Arithmetic Operators and Comparison

Arrays provide element-wise arithmetic operations that make use of expression templates:

* Array<double,2,2> a = allocate(makeVector(3,4));
* // initialize the elements of 'a'
* Array<double,2,2> b = allocate(a.getShape());
* b = a * 3 + 2; // this expression is lazy, and never allocates a temporary array
*

We can simplify the previous example by initializing 'b' with the copy() function, which is simply a shortcut for allocate and assign:

* Array<double,2,2> a = allocate(makeVector(3,4));
* // initialize the elements of 'a'
* Array<double,2,2> b = copy(a * 3 + 2);
*

As a rule, ndarray never allocates memory for a new unless you explicitly tell it to with the allocate() or copy() functions.

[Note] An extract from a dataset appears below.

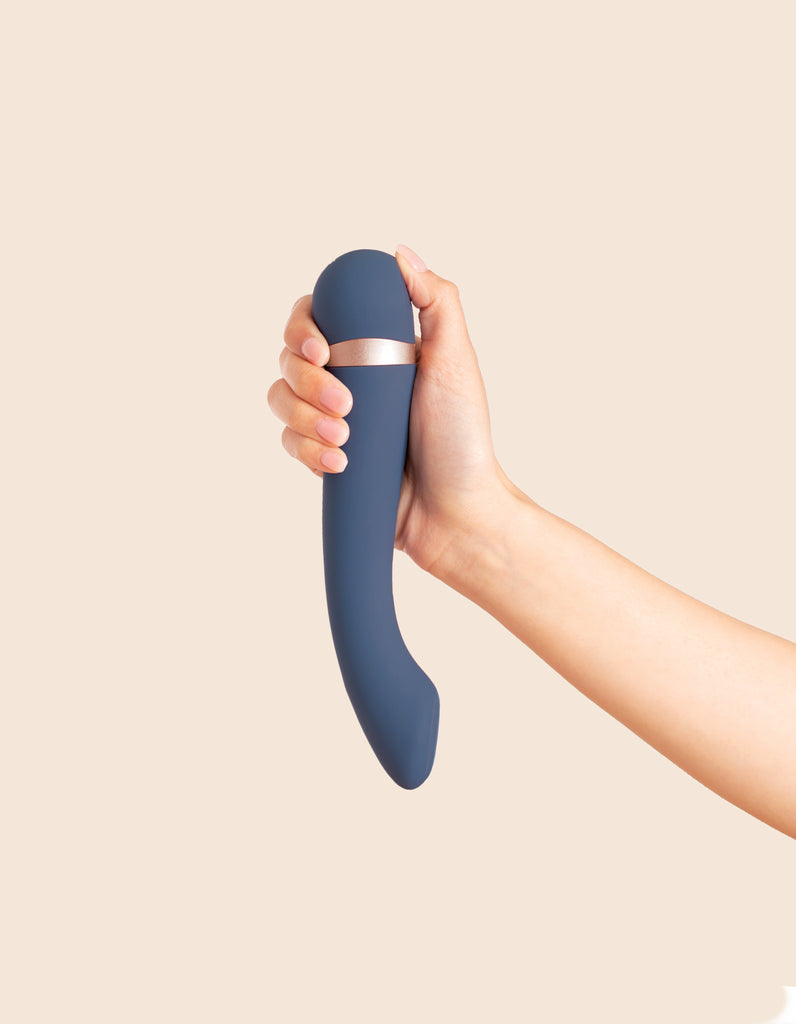 Diea's Hot & Cold vibrator being shown a position as if being used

Element-wise comparisons are also supported, but not via overloaded operators:

* Array<double,2,2> a = allocate(makeVector(3,4));
* // initialize the elements of 'a'
* Array<double,2,2> b = allocate(makeVector(3,4));
* // initialize the elements of 'b'
* Array<bool,2,2> c = copy(equal(a, b));
*

The element-wise comparison functions (equal, not_equal, less, less_equal, greater, greater_equal) and logical operators (logical_and, logical_or, logical_not) are also lazy, and are most useful when used in conjunction with the reduction functions all() and any():

* Array<double,2,2> a = allocate(makeVector(3,4));
* // initialize the elements of 'a'
* Array<double,2,2> b = allocate(makeVector(3,4));
* // initialize the elements of 'b'
* bool v1 = all(logical_or(greater(a, b), greater(a, 3.0)));
* bool v2 = any(less(b, a));
*

Array does overload the equality and inequality operators, but these compare for "shallow" equality, not element-wise equality:

* Array<double,2,2> a = allocate(makeVector(3,4));
* Array<double,2,2> b = copy(a);
* bool v1 = (a == b); // false, because 'a' and 'b' do not share data.
* Array<double const,2,1> c(a);
* bool v2 = (a == c); // true, because 'a' and 'c' have the same data, shape, and strides.